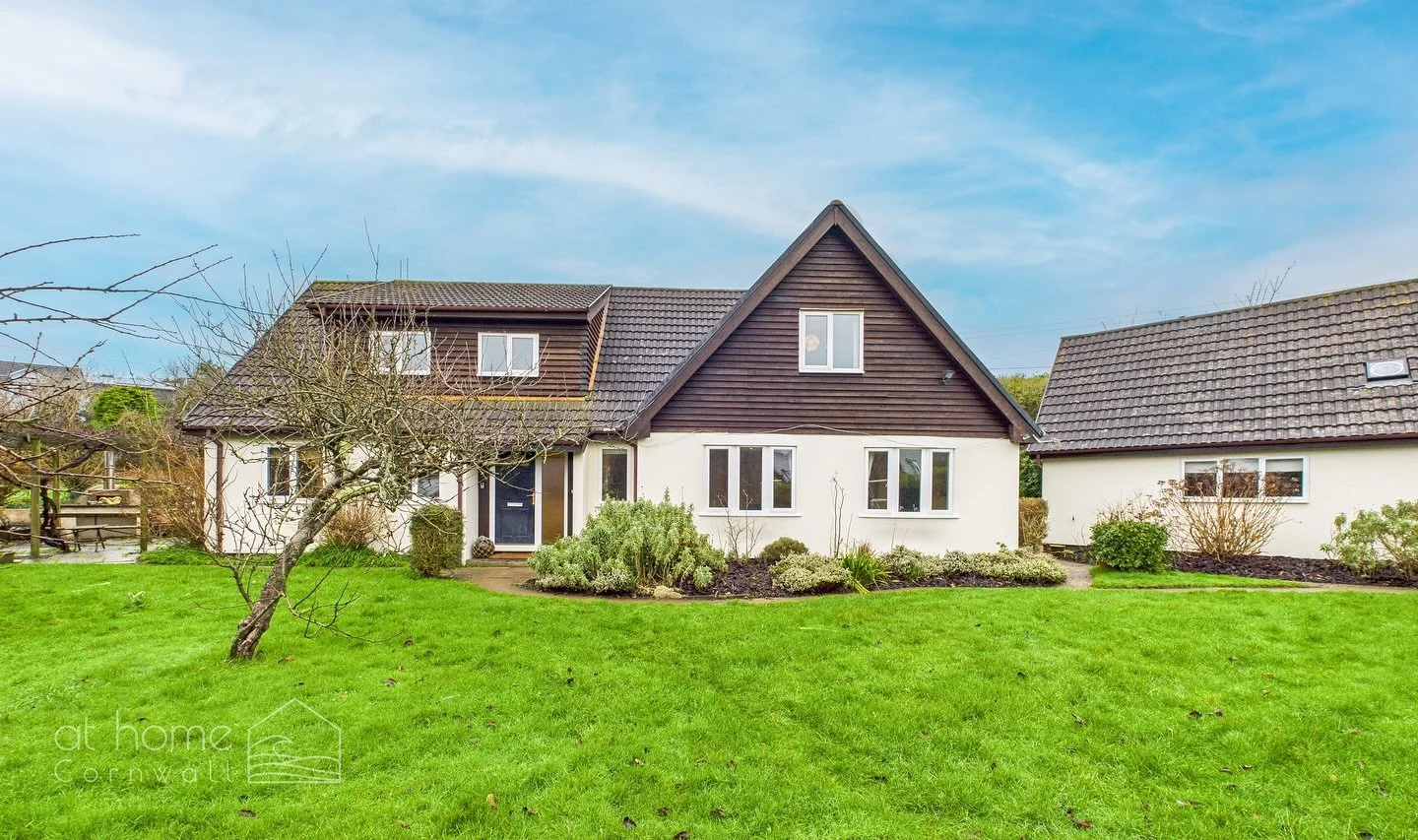 NEW LISTING ✨🏠

Jolly&rsquo;s Lane | Porthtowan 
&pound;750,000

True to its name, Sunnydown is a beautifully presented and exceptionally light-filled five-bedroom property with a detached one-bedroom annexe, perfectly positioned to enjoy sunshine t
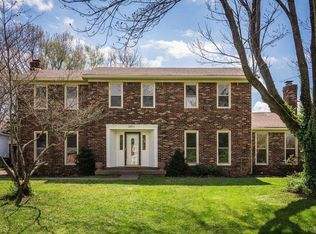 2011 Croghan House Dr, Indian Hills, KY 40207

> WHAT YOU NEED TO DO:
Print all the entries exactly as they appear, without the pictures.

> SOLVED PROBLEM:
 NEW LISTING ✨🏠

Jolly&rsquo;s Lane | Porthtowan 
&pound;750,000

True to its name, Sunnydown is a beautifully presented and exceptionally light-filled five-bedroom property with a detached one-bedroom annexe, perfectly positioned to enjoy sunshine t
 2011 Croghan House Dr, Indian Hills, KY 40207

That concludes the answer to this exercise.